Typically, recommender systems gather data such as product interactions, purchases, reviews, and so on, depending on the business' key data points. This data is called the reference characteristics of the system. The system trains on this data to provide intelligent suggestions that will compel users to continue using the platform.

For example, Spotify's recommender system can analyze your listening history and play frequency to understand your past music preferences and predict what you might like to listen to next.

The cold start problem is a popular problem that data scientists and machine learning (ML) engineers face when building recommender systems for a business. The performance of the recommender system drops when there is no sufficient data to gather from new users or items on the platform. Sadly, this low performance can turn users away and lead to revenue loss.

Types of Cold Start Problems in Recommender Systems

There are two main types of cold start problems in recommender systems: the user cold start and the item cold start. To illustrate these problems, I created a table representing a recommendation system based on user-item ratings. In this table:

• Rows represent users

• Columns represent items

• Matrix represents users' ratings on a scale of 1 to 5.

• "--" represents unrated items.

User Cold Start

User cold start problem occurs when new users have not provided enough basic information or past interactions for the recommender system to make intelligent suggestions. Thus, the system cannot accurately predict the user's possible interests.

As shown in the table above, the NEW USER has not used or evaluated any item. This means that the system cannot accurately predict what item the new user would most likely be interested in.

This is a serious problem because if new users keep getting off-target recommendations initially, they might stop using the platform before the recommender system has enough data from them to perform better.

Item Cold Start

The item cold start problem occurs when a new item or product, or more content, is added to a platform, but there are not enough ratings, purchases, or reviews for the item to be recommended.

As shown in the table above, item E is new and does not have any user ratings. Thus, the recommender system will not recommend this item to users.

Note that the item cold start problem does not only affect new items. It can also impact already existing but unpopular items. If an existing item has only had a few interactions, the recommender system does not have enough historical user feedback to understand the item metadata and user preferences. This means that the system will make poor recommendations, giving the item less visibility.

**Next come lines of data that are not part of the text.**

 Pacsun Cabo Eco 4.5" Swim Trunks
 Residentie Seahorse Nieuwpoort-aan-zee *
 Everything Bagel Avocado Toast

Challenges of the Cold Start Problem in Recommender Systems

Stereotypical recommendations

Relying on limited data can lead to stereotypical recommendations in recommender systems. For example, when the system only uses basic user actions, it can end up offering the same type of content or items repeatedly, based on generalized assumptions. This stereotype can push users away, especially if they start feeling like their interests are not being fully understood.

High churn rate

When a user has to scroll endlessly to find items they want because the recommender system does not surface relevant items, the platform is more prone to experiencing a high churn rate. This means that the platform may lose many of its users if they cannot quickly find relevant products or services.

Loss of customer loyalty

Statista reported that in 2023, 56% of consumers preferred to return to a retailer who provided a personalized shopping experience. This means that a lack of a customized experience through intelligent recommendations will make users mistrust the system's ability to understand their needs. This mistrust can lead to user frustration, loss of customer loyalty, and, ultimately, negative brand perception.

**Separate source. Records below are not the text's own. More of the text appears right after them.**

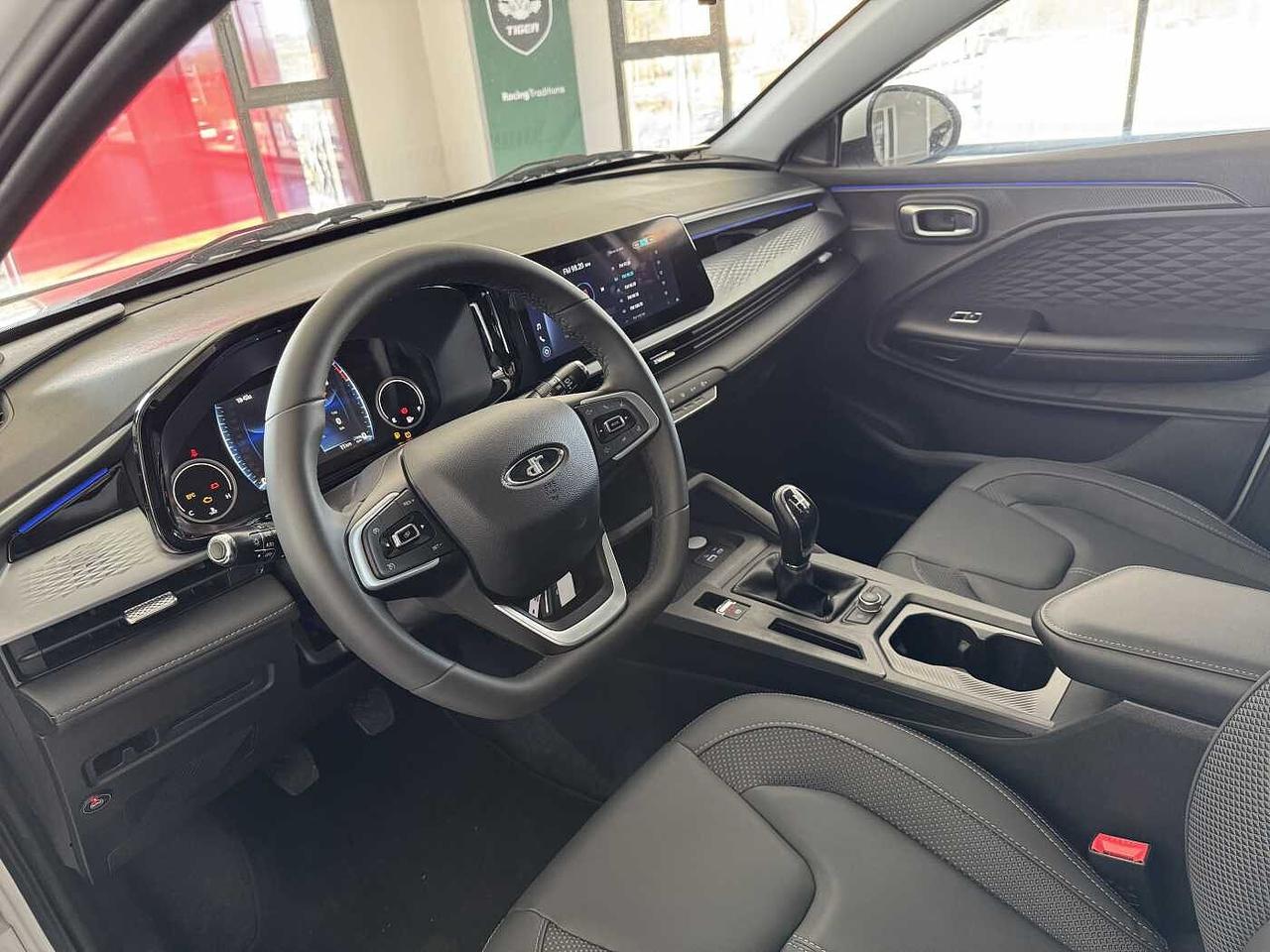 DR Automobiles DR3 1.5 Bi-Fuel GPL Collection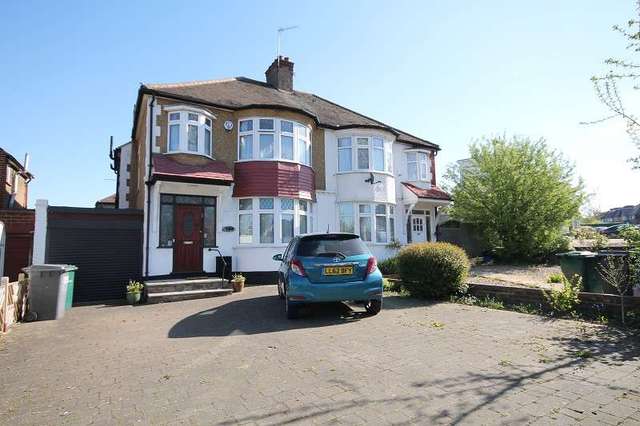  Image of 3 bedroom Semi-Detached house for sale in Hale Lane Edgware HA8 at Hale Lane  Edgware, HA8 9RD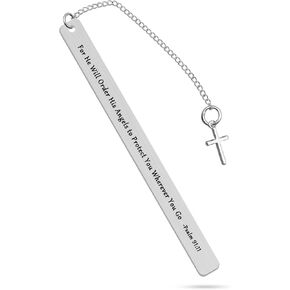 Bible Verse Gifts Bible Verse Bookmarks Inspirational Gifts for Women Men Christian Religious Gifts for Friend Inspirational Christian Bookmark for Friend Girls Book Lover Gifts Reading Lovers Gifts
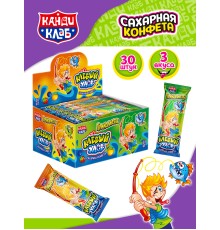 Сахарное драже Канди Клаб  16гр*30*(12бл) Приколисты Клёвый улов Новинка !!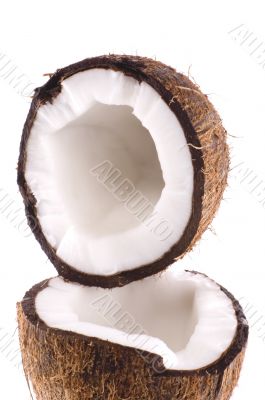 open coconut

How to Solve the Cold Start Problem in Recommender Systems

Below are some strategies that AI researchers have proposed to help mitigate user cold start and item cold start problems, respectively:

How to Solve User Cold Start

Collecting user preferences during sign-up

One way to fix the lack of historical data from users is to provide a questionnaire upfront when new users register for a platform. This questionnaire can help businesses obtain some basic preferences so they can build a helpful user profile and make initial recommendations.

Spotify uses this method to avoid user cold start problems. When you sign up, Spotify will ask you to select your favorite artists and music genres from a list of options. Spotify’s recommender system then uses this information to understand the type of songs you might like and build an initial playlist for you.

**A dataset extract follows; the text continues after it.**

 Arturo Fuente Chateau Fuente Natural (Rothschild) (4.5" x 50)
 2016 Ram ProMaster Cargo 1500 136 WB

Still, businesses need to implement this onboarding strategy carefully, because if they ask new users too many questions upon registration, they might skip the questions or abandon the platform.

Using contextual data

Contextual data focuses on information like user location, demographics, device type, or real-time behavior. Businesses can obtain this data through the user’s sign-up information, IP Address, cookies, and browser settings. These extra insights can help businesses enhance the experience for new users by customizing their content and recommendations.

Travel platforms like Booking.com use this strategy to provide personalized recommendations and display localized content to new users. When first-time visitors access the site, Booking.com obtains contextual data through their IP Address, browser settings, and cookies. Using this information, Booking.com can recommend nearby accommodations, attractions, and travel deals in the user's area. In the screenshot above, I have not signed in or registered on Booking.com, but the site already recommends content for my location.

Using social network-based data

Businesses can solve the user cold start problem by having new users register with their social logins. With this access, the recommender system can retrieve the user's interests, past interactions, and behavior from their social profiles. This information helps the system to understand the user's preferences and make suggestions accordingly.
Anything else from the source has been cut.